Download some reads and a reference genome:

```
mkdir ~/data
cd ~/data
wget http://public.ged.msu.edu.s3.amazonaws.com/ecoli_ref-5m-trim.pe.fq.gz
wget https://s3.amazonaws.com/public.ged.msu.edu/ecoliMG1655.fa.gz
```

Compute a scaled MinHash signature from our reads:

```
mkdir ~/sourmash
cd ~/sourmash

sourmash compute --scaled 10000 ~/data/ecoli_ref*pe*.fq.gz -o ecoli-reads.sig -k 31
```

## Compare reads to assemblies

Use case: how much of the read content is contained in the reference genome?

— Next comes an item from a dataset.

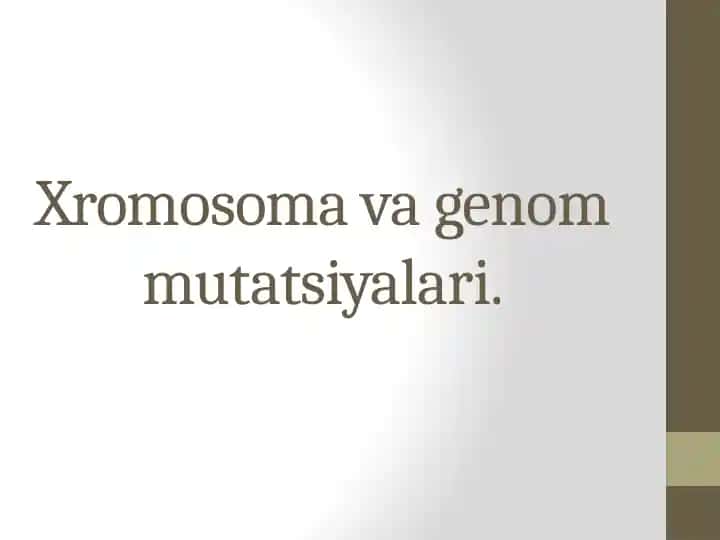 Xromosoma va genom mutatsiyalari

Build a signature for an E. coli genome:

```
sourmash compute --scaled 10000 -k 31 ~/data/ecoliMG1655.fa.gz -o ecoli-genome.sig
```

and now evaluate *containment*, that is, what fraction of the read content is
contained in the genome:

```
sourmash search -k 31 ecoli-reads.sig ecoli-genome.sig --containment
```

and you should see:

```
# running sourmash subcommand: search
loaded query: /home/ubuntu/data/ecoli_ref-5m... (k=31, DNA)
loading db of signatures from 1 files
loaded 1 signatures total.
1 matches:
         /home/ubuntu/data/ecoliMG1655.fa.gz     0.466   ecoli-genome.sig
```


Try the reverse - why is it bigger?
         
```
sourmash search -k 31 ecoli-genome.sig ecoli-reads.sig --containment
```

## Make and search a database quickly.

Suppose that we have a collection of signatures (made with `sourmash
compute` as above) and we want to search it with our newly assembled
genome (or the reads, even!). How would we do that?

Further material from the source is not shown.